I have this input file:
>seq
GATGGATTCGGANNNNNNNNNNNNNNNGTTGTAGGGNNNNNNNNNNNNNNNNNNNNNNGATAGAGAGNN
>suq
AAHAHAH
And this command:
awk '{gsub(/[N]{5,}/,"\n")}1' f.fa
The current output:
>seq
GATGGATTCGGA
GTTGTAGGG
GATAGAGAGNN
>suq
AAHAHAH
If 5 or more consecutive 'N'-s are found, the string will be separated into another line. The problem is that I want the output to be like this:
>seq
GATGGATTCGGA
>seq_1
GTTGTAGGG
>seq_2
GATAGAGAGNN
>suq
AAHAHAH
Before each linebreak, I want to add the '>' line which corresponds the string plus a increasing number (in order to be unique each '>' line). I've been trying different approaches but without success.
You have already done most of the work.
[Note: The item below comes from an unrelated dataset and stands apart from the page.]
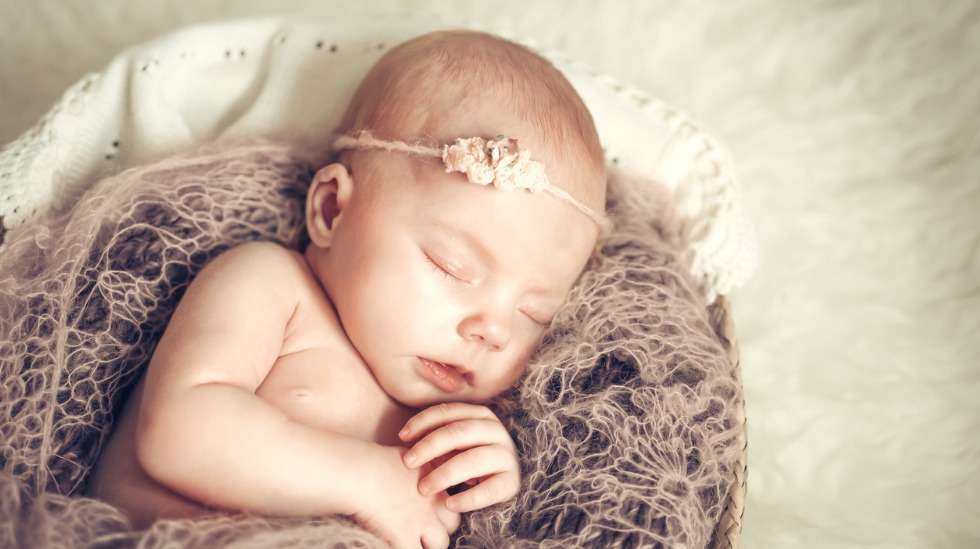 Tulisiko hänestä Aino, Sofia, Eeevi vai sittenkin nimeltään jotain aivan uniikkia? Kuva: iStock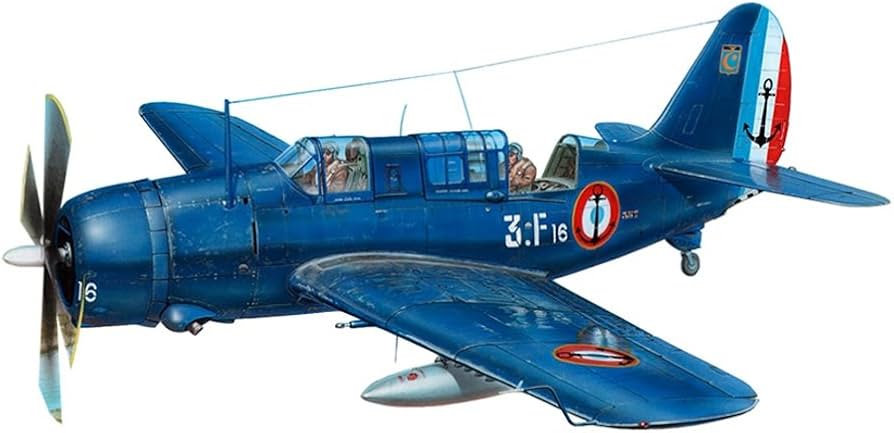 Amazon | スペシャルホビー 1/72 アメリカ軍 カーチス SB2C-5 ヘル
Here are my additions:
awk '$0~/^>/{prev=$0;}
{gsub(/[N]{5,}/,"\n"prev"_INSERTNUMBER\n");
for(counter=1;sub(/INSERTNUMBER/,counter++,$0)>0;){}}1' test
which yields the desired output
>seq
GATGGATTCGGA
>seq_1
GTTGTAGGG
>seq_2
GATAGAGAGNN
>suq
AAHAHAH
What have I added?
1. With $0~/^>/{prev=$0;}
I store the content of the previous line that started with >
.
2. Then, I replace [N]{5,}
with \n
prev_INSERTNUMBER\n
(i.e., \n>seq_INSERTNUMBER\n
)
3. Finally, we replace all INSERTNUMBER
s with (1,2,...)